The Book Thief by Markus Zusak
Grueling. Dark. Terrifying. Feared. Merciless.Morbid. These are some of the words that are attributed to Death. For most of us, we depict Death as a heartless creature, capturing and gathering the souls of the departed, bringing them to the place we have yet to know. To some others, it exists as life meets its finality, another unknown to be discovered and explored. But in general, human beings alike find Death a negative force that brings nothing but despair and grief. It is not something to be yearned and befriended.
But what if we are presented with a peculiar and interesting side of Death? One which has a heart that understands and pity the human beings he fetch, a mind that ponders on the mysteries of humanity, and a soul which tires from all the gloomy consequences of carrying the burden of every dead being it guides? And that is what I found as I unearth each page of Markus Zusak’s The Book Thief.
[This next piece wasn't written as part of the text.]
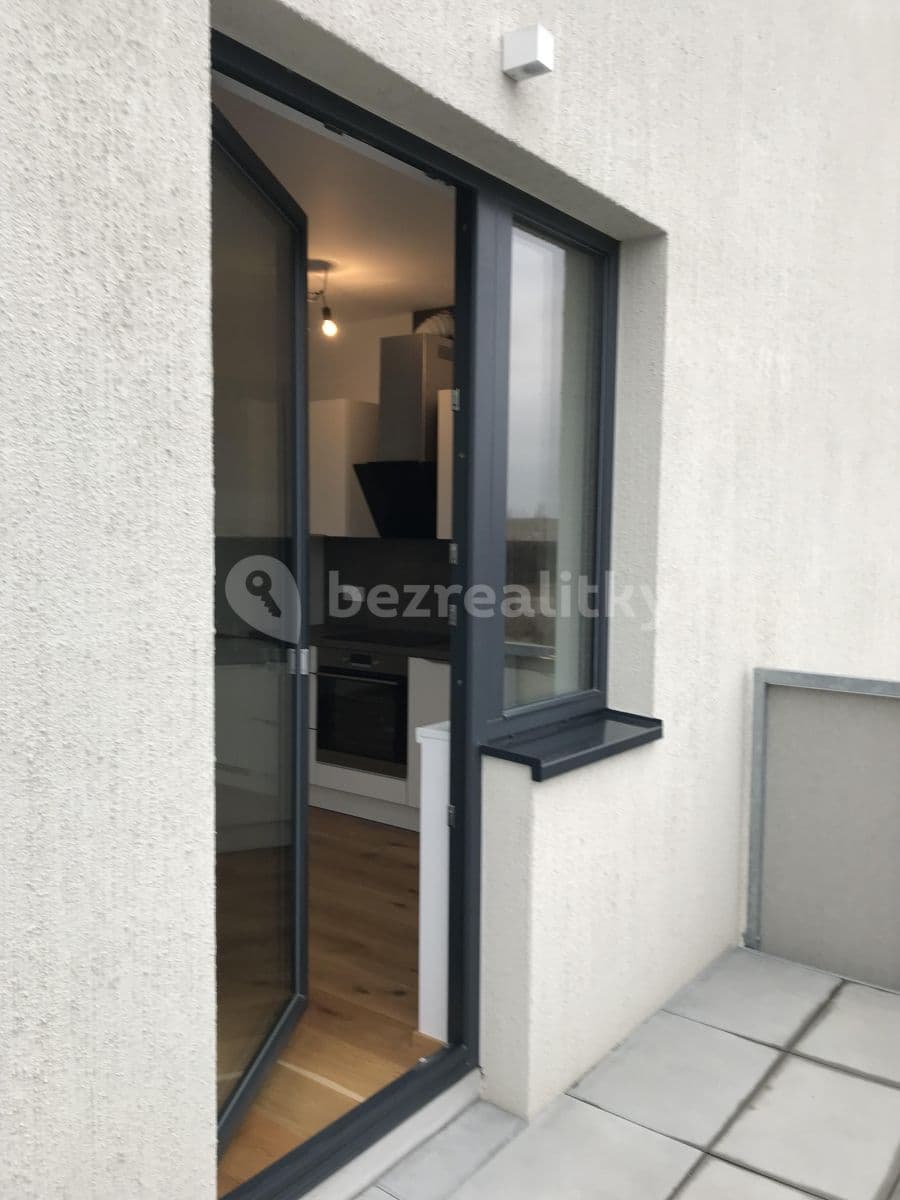 Prenájom bytu 2-izbový 46 m², Horoměřice, Středočeský kraj Prenájom bytu 2-izbový 46 m², Horoměřice, Středočeský kraj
There have been a lot of stories told, books published, and movies produced based on the people’s experiences and tales during the Second World War, particularly the time of Hitler’s harrowing reign in Germany. Yes, the Holocaust was devastating yet with it come great stories of heroism, courage, and life. And this book takes a little zoom in on Himmel Street, a small town in Munich, Germany, in the midst of war on 1939. As the Nazis are busy on executing Jews all over the country, Death’s workload seems unending. But in one of his trip to collect yet another young soul, he stumbled upon a little girl, Liesel Meminger. Death witnessed Liesel’s first act of book thievery that sparked his lengthy interest on the girl. And this isn’t his only encounter with the girl. In fact, he was able to pick up the book Lieasel wrote which tells the story of her life. And in turn, it was Death’s selfless act that he shared Liesel Meminger’s story with us—a story of struggles, life, friendship, love, courage, and abandonment.
“When Death tells a story, you really have to listen.”
Liesel Meminger is a book thief. During her first acquisition, it was not clear why she pick the book from the snow-covered cemetery. She cannot even read at time. She saw the book lying on the ground, and somehow, had the urge to get it. And so her story continues as she was brought to Himmel Street and given to be cared for by her foster parents. From then on, the story blooms as several characters came to light, that will somehow touch Liesel’s life in one, little or great, way or another.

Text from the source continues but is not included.